In 1970, she dropped out of design school three months before completing her diploma. For the next 30 years, she abandoned her art apart from dabbling occasionally in life drawing.
Supportive environment
But she was always aware that she was denying an essential part of herself. In 2000, with the onset of severe illness, she started attending Pablos Art Studios in Wellington. Since then, it has provided her with a supportive environment where she can pursue and develop her art.
“Pablos has provided me with structure, an occupation, a daily routine and a sense of community,” Ingrid says. “I hate to think what would have happened to me if it hadn’t been there. Pablos probably saved my life and I’m very fortunate to have it.”
As Ingrid’s life has become more stable, she is less dependent on Pablos Art Studios but still likes to keep in regular contact. “I want to have a life that I want to live – not just an existence. My artwork is an integral part of who I am. If it’s not expressed, my life is out of balance.”

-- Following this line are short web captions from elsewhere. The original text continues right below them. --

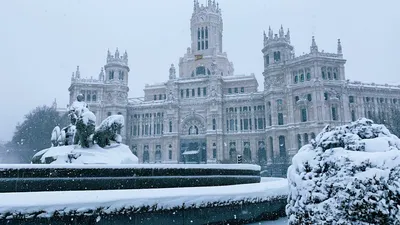 Фотографии занесенного небывалым снегопадом Мадрида | Пикабу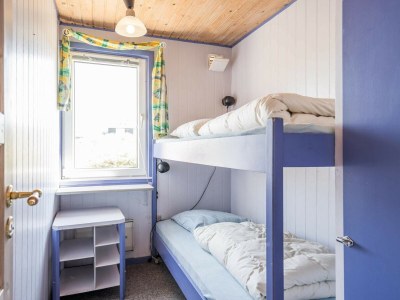 Holiday house 6 person holiday home in Henne - Outdoor photo 12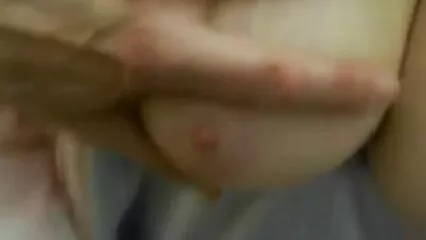 Dulce problema follando con dos señoras maduras mexicanas masturbandose besándose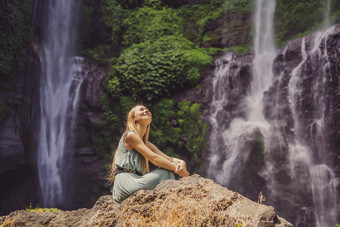 女人绿松石衣服sekumpul瀑布丛林巴厘岛岛印尼巴厘岛旅行概念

Open five days a week, Pablos Art Studios supports more than 100 individuals every year and has up to 25 artists attending on a daily basis. As Ingrid points out, everyone who goes to Pablos is different. But they have one thing in common. They have all experienced mental ill-health.
Established in 1993, Pablos Art Studios facilitates artistic expression, and encourages personal growth and independence through the arts. As well as an art studio, it runs ROAR! gallery where Pablos’ artists exhibit their work alongside others in the outsider artist community.
“Art is a perfect medium for people who experience mental illness to express their creativity and build their self-esteem,” says co-ordinator Fiona Elwood. “It’s a very personal thing and there are no rights and wrongs in art. It gives people an ability to step out from a label and into the world.”